> DATA PROVIDED:
::::

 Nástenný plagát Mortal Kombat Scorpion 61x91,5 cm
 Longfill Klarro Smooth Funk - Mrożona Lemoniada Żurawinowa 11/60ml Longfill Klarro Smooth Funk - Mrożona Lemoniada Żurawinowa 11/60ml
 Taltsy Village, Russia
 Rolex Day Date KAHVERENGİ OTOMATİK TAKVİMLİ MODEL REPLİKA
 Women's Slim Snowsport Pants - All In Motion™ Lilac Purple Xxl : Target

::::

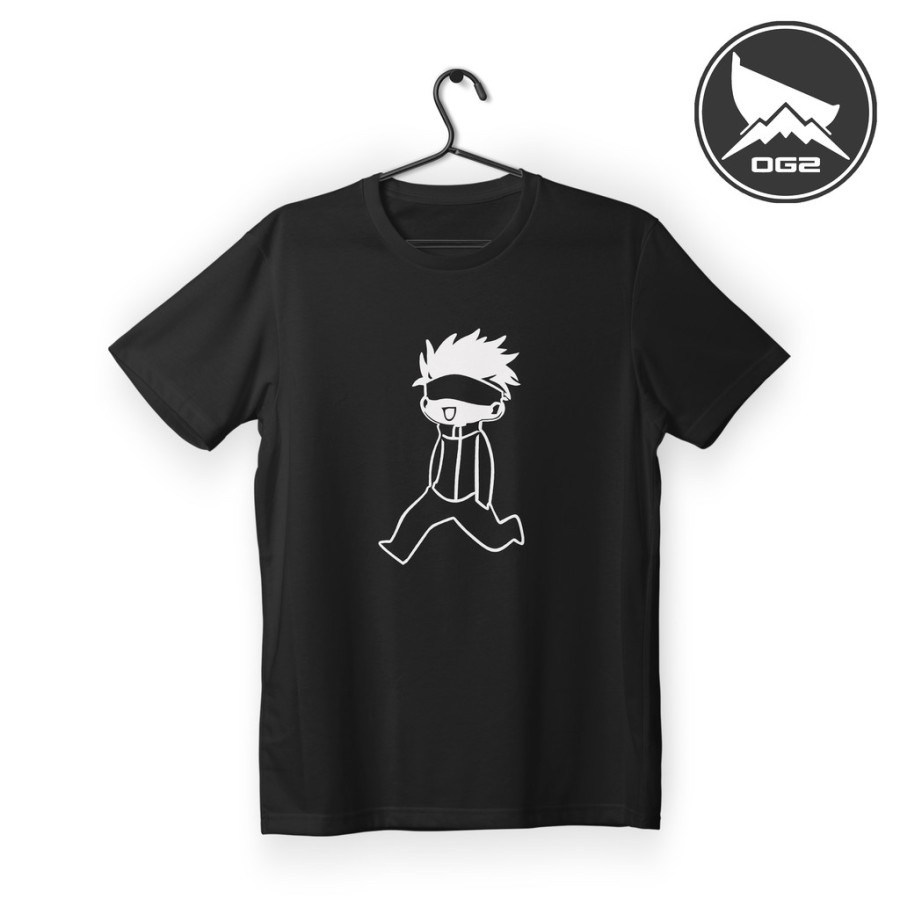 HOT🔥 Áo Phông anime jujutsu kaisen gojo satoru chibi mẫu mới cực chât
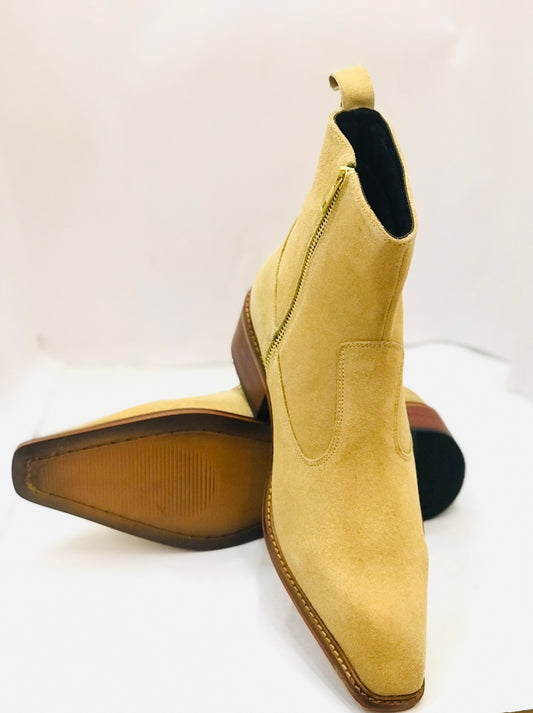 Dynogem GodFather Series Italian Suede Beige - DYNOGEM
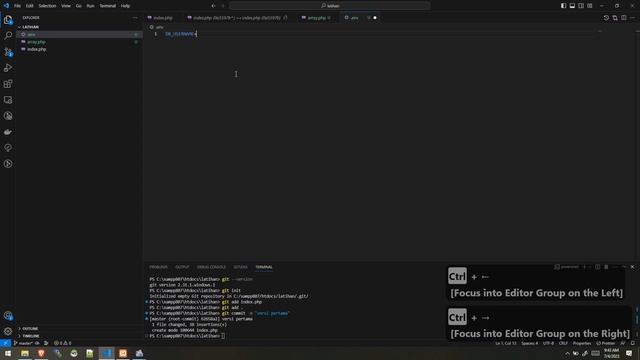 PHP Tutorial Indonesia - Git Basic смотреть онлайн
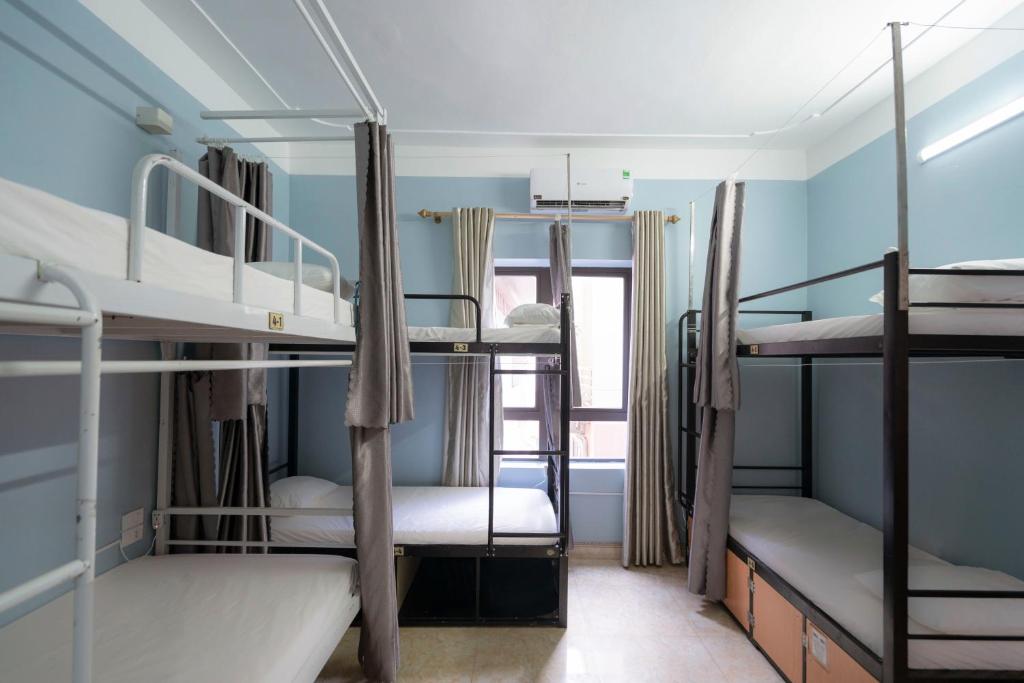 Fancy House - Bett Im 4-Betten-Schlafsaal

::::

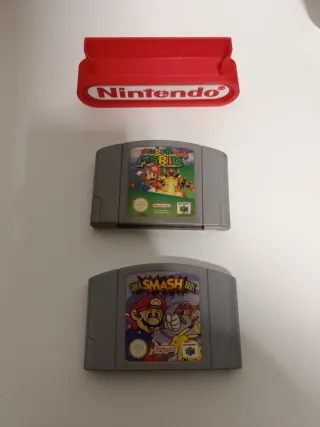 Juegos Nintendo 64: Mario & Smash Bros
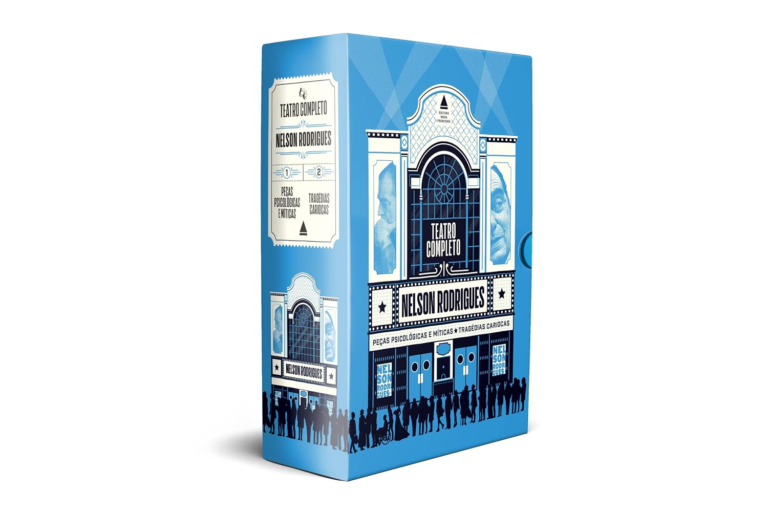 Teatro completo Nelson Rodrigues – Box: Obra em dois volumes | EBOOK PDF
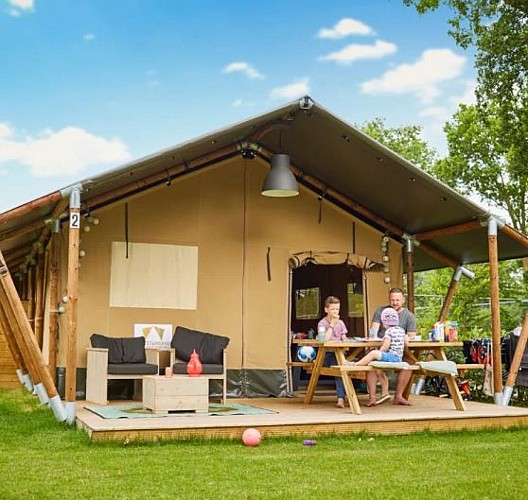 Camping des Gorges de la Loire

::::

> PROMPT: With the first line being the one containing "Nástenný plagát Mortal" and the last line the one containing "Women's Slim Snowsport", transcribe exactly the lines above that fall in that range.

> TASK OUTPUT:
 Nástenný plagát Mortal Kombat Scorpion 61x91,5 cm
 Longfill Klarro Smooth Funk - Mrożona Lemoniada Żurawinowa 11/60ml Longfill Klarro Smooth Funk - Mrożona Lemoniada Żurawinowa 11/60ml
 Taltsy Village, Russia
 Rolex Day Date KAHVERENGİ OTOMATİK TAKVİMLİ MODEL REPLİKA
 Women's Slim Snowsport Pants - All In Motion™ Lilac Purple Xxl : Target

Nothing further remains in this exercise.